───── Data shown ─────

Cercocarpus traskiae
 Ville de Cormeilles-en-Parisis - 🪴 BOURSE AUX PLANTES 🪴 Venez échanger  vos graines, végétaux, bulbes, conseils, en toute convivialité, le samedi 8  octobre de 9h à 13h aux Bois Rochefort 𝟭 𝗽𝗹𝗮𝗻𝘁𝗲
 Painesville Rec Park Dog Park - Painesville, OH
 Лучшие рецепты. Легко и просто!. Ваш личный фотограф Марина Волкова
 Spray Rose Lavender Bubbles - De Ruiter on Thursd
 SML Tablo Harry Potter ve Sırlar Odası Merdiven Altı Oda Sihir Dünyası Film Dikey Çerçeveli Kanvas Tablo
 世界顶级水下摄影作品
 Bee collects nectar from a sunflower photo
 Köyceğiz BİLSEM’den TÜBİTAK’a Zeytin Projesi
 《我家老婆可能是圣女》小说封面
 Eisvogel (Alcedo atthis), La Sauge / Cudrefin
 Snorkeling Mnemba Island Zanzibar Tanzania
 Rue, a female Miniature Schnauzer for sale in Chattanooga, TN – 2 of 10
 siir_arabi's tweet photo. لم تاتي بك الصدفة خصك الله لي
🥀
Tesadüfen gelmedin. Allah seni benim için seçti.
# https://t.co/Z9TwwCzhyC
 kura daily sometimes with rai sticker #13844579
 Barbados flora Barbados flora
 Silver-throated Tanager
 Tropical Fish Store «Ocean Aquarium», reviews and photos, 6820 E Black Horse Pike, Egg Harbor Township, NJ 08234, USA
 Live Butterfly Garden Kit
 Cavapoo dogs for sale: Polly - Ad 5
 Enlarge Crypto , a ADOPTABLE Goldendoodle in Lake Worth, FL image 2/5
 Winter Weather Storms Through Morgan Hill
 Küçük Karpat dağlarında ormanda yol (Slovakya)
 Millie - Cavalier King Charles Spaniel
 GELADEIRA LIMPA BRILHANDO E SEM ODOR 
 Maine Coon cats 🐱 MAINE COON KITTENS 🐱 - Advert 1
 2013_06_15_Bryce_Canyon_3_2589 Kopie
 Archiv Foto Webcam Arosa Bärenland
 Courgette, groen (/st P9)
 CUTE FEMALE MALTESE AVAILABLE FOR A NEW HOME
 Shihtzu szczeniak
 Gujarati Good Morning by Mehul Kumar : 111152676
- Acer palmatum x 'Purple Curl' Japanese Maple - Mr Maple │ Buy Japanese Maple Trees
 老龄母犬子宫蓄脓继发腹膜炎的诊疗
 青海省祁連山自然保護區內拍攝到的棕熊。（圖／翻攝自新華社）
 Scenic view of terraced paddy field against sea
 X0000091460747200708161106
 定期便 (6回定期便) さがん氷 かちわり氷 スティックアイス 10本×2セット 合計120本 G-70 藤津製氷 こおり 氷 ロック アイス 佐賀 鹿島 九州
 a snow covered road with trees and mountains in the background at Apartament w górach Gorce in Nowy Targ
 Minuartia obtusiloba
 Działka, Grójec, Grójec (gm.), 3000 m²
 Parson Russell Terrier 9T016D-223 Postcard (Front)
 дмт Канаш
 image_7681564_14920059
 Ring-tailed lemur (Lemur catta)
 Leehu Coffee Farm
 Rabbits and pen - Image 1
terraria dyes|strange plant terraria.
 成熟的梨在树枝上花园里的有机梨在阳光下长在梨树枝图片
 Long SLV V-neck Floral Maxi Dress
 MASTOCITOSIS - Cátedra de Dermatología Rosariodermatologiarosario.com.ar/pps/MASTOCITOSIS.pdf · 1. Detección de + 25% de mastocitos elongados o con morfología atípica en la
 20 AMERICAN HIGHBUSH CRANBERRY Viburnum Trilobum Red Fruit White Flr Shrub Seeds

─────

# What needs to be done
From the entries above, copy each line that holds "sale".

# Exercise answer
 Rue, a female Miniature Schnauzer for sale in Chattanooga, TN – 2 of 10
 Cavapoo dogs for sale: Polly - Ad 5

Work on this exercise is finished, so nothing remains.